L'acqua di rubinetto? Sui dati serve
più trasparenza da parte dei gestori
I primi risultati di una indagine della Fondazione Anci-Cittalia
Avere a disposizione una etichetta pienamente trasparente dell’acqua pubblica, cioè dati accessibili, completi, omogenei e raffrontabili sulla qualità di ciò che esce dai nostri rubinetti, è cosa ancora lontana. Qualche passo si è cominciato a farlo, ma parziale e in ordine sparso. Intendiamoci, non che ciò significhi che l’acqua che beviamo non sia pienamente potabile (vedi qui sotto l’intervista al professor Ottaviani ndr). No, il tema è quello di affermare anche da noi la trasparenza della pubblica amministrazione e il diritto del cittadino a una completa informazione, come elementi essenziali e normali dell’attività di chi gestisce la cosa pubblica.
Queste considerazioni sono il primo risultato dell’indagine che la Fondazione Cittalia, espressione dell’Associazione Nazionale Comuni Italiani, sta realizzando d’intesa con Coop, proprio perché nella campagna sull’acqua che Coop ha promosso, il tema dell’acqua pubblica è considerato sullo stesso livello di importanza di quello dell’impatto ambientale delle acque minerali. Ovvero, per incentivare il consumo di acqua pubblica, l’informazione verso i cittadini e le famiglie è una premessa fondamentale. Da qui la scelta, attraverso Cittalia, di condurre una indagine tra i 182 gestori aderenti a Federutility, per verificare se i dati sulla qualità delle acque potabili fossero o meno disponibili su internet, e come fossero presentati. L’indagine sarà completata nelle prossime settimane, ma già ora emergono alcune tendenze significative. "Il dato parziale – spiega il direttore ricerche di Cittalia, Paolo Testa che sta curando l’indagine assieme a Marco Calaresu – riguarda le 15 città metropolitane (Roma, Milano, Napoli, Bologna, Torino, Genova, Firenze, Reggio Calabria, Venezia, Trieste, Bari, Cagliari, Palermo, Catania, Messina) e altri 7 capoluoghi di provincia tra Calabria, Liguria e Umbria dove quindi abitano più di 10 milioni di italiani. Dal nostro punto di vista ci è parso importante contribuire a definire una fotografia della situazione perché favorire una relazione positiva tra enti pubblici e cittadini è importantissimo. In premessa c’è da spiegare che i gestori hanno obblighi di comunicazione dei dati solo verso altri enti come Regioni, Comuni e Asl, ma non verso gli utenti. Se però si estendono gli obblighi di trasparenza nell’accesso agli atti, propri delle pubbliche amministrazioni, anche a chi svolge attività di pubblico interesse, come è sicuramente la gestione del servizio idrico, allora le cose cambiano. E fornire i dati dovrebbe rappresentare il contributo che i gestori forniscono alla crescita della sensibilità dei cittadini verso questo tema".

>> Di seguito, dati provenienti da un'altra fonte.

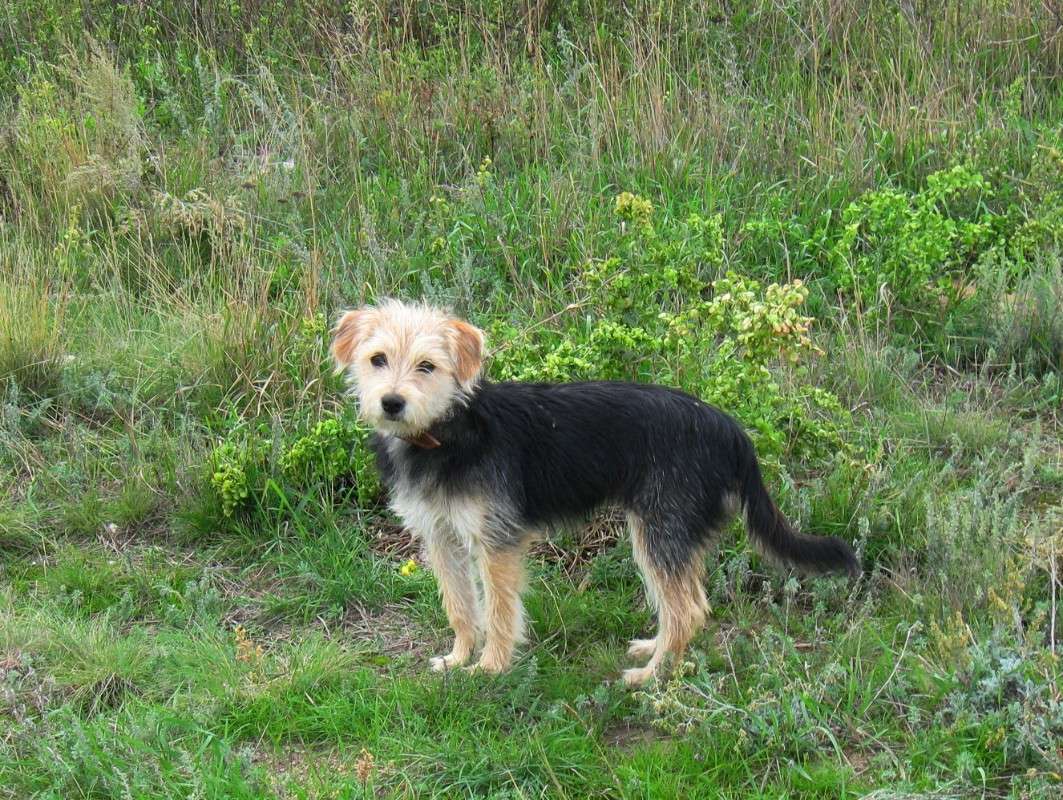 � ���������� �� ����.... ����� Natali  ��������� �� PhotoGeek.ru #�������� ��� #�������� ���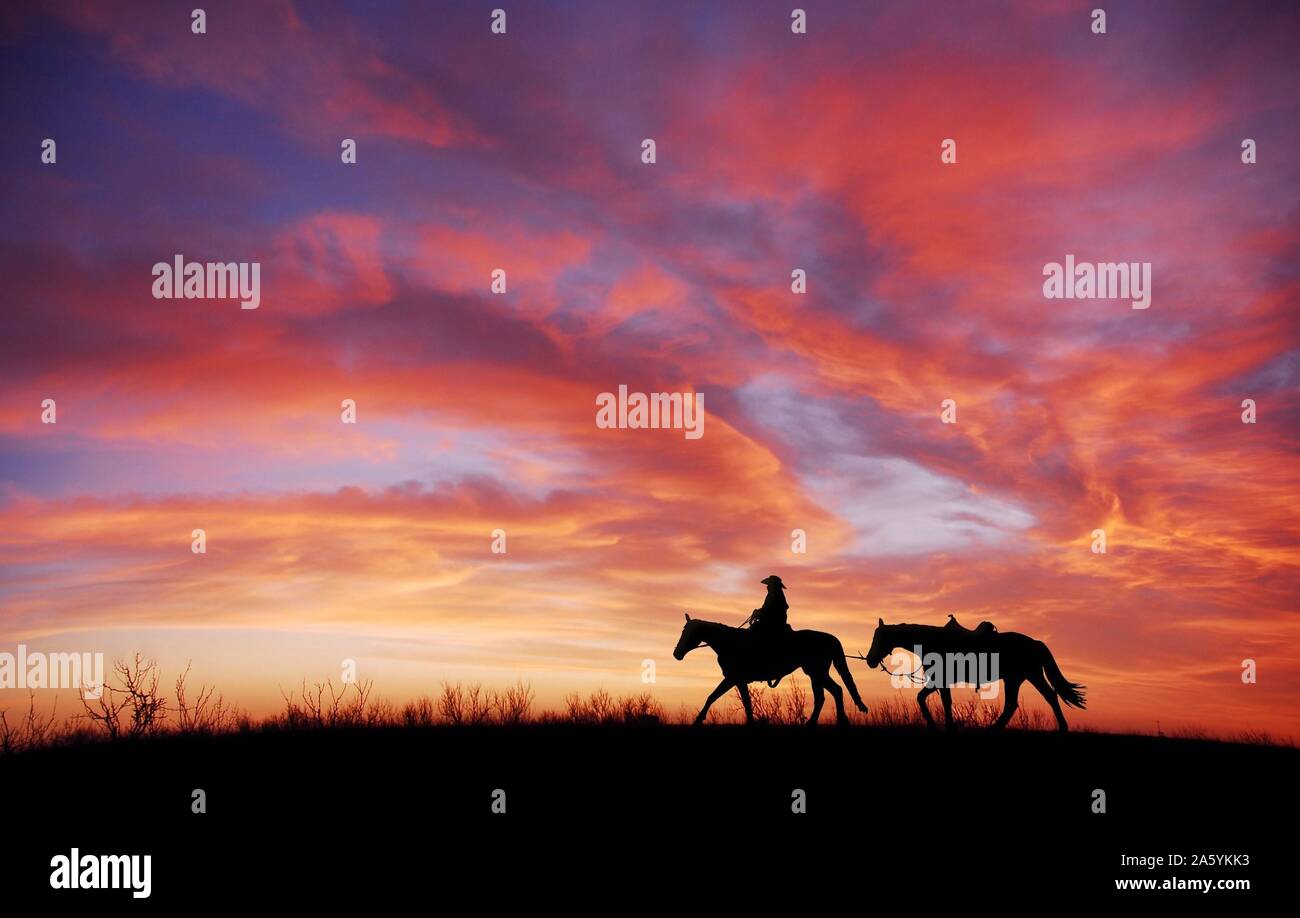 The Ballad of Buster Scruggs All Gold Canyon Year 2018 USA Director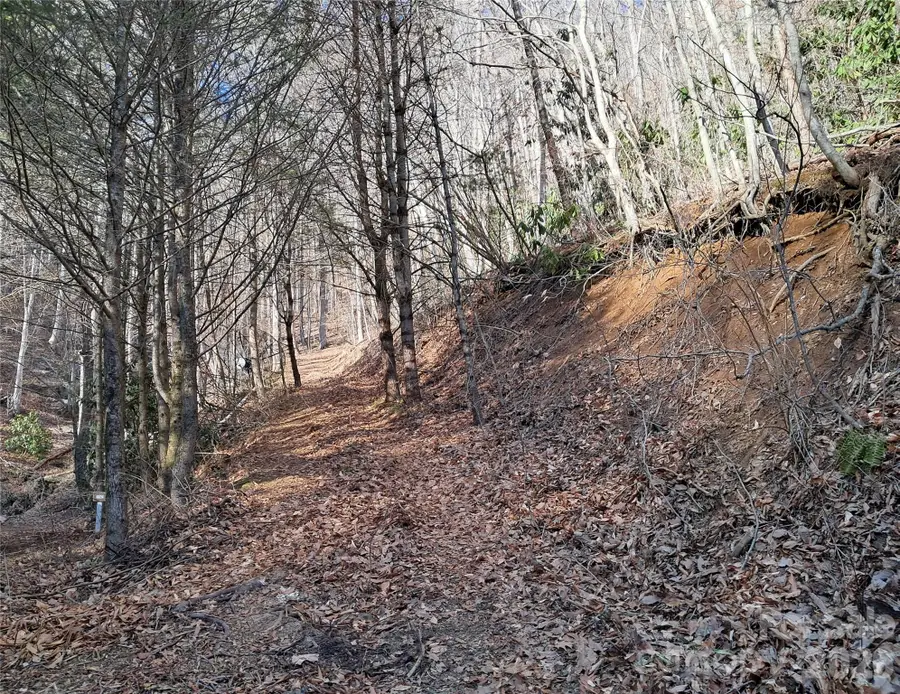9999 Off Hurricane Ridge Trace, Clyde, NC 28721 - #3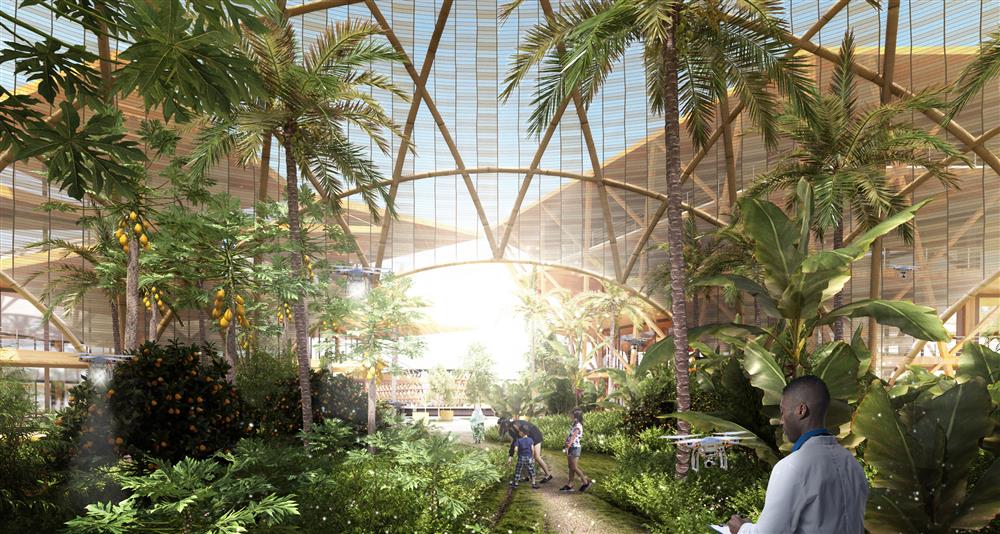 每個單位的中心都是農耕地，讓居民能自食其力。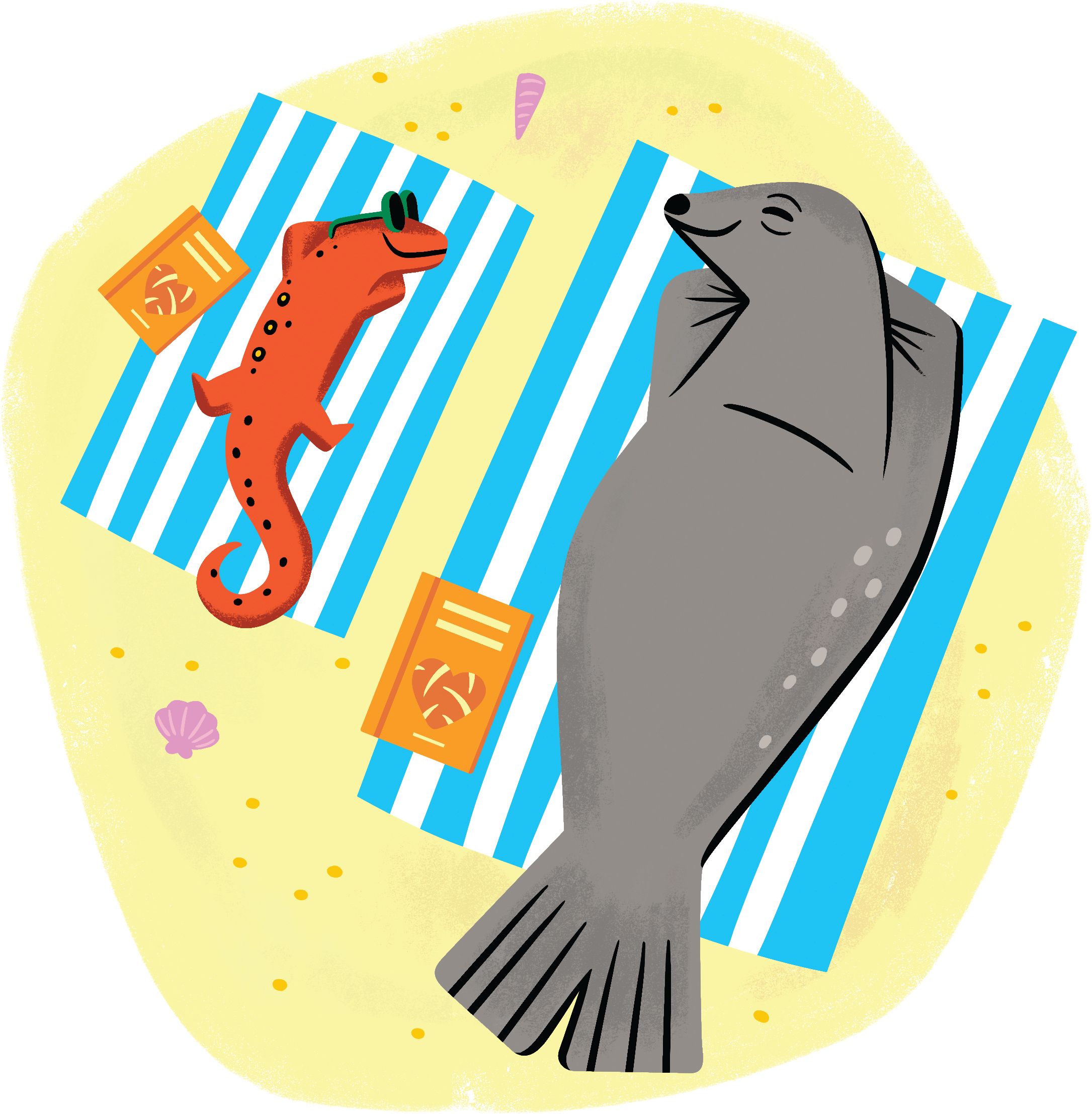 Un phoque et une salamandre étendus des serviettes de plage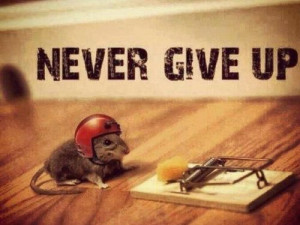 Download HERE >> Funny Short Motivational Quotes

E qual è invece la situazione? Che delle 22 città considerate, su 25 gestori operanti solo 15 propongono dati sulla qualità dell’acqua sul proprio sito internet.
Ma avere dei dati su internet non significa aver risolto il problema, perché occorre capire come sono proposti e con che contenuti. Ad esempio la possibilità dell’utente di scaricare i dati viene offerta solo da 7 realtà. Se invece si cerca di sapere quale sia il riferimento temporale di quei dati (cioè a quando sono state fatte le analisi), ben 6 società (su 15) non indicano alcuna data, alcune fanno riferimento genericamente all’anno (dal 2007 al 2011) e solo in un caso il dato è aggiornato settimanalmente. Stesso problema di disomogeneità si rileva sulla localizzazione del campionamento, in alcuni casi (4) non è specificato, mentre negli altri si fa riferimento genericamente all’intera città o a singoli quartieri, rendendo comunque difficile poter fare raffronti.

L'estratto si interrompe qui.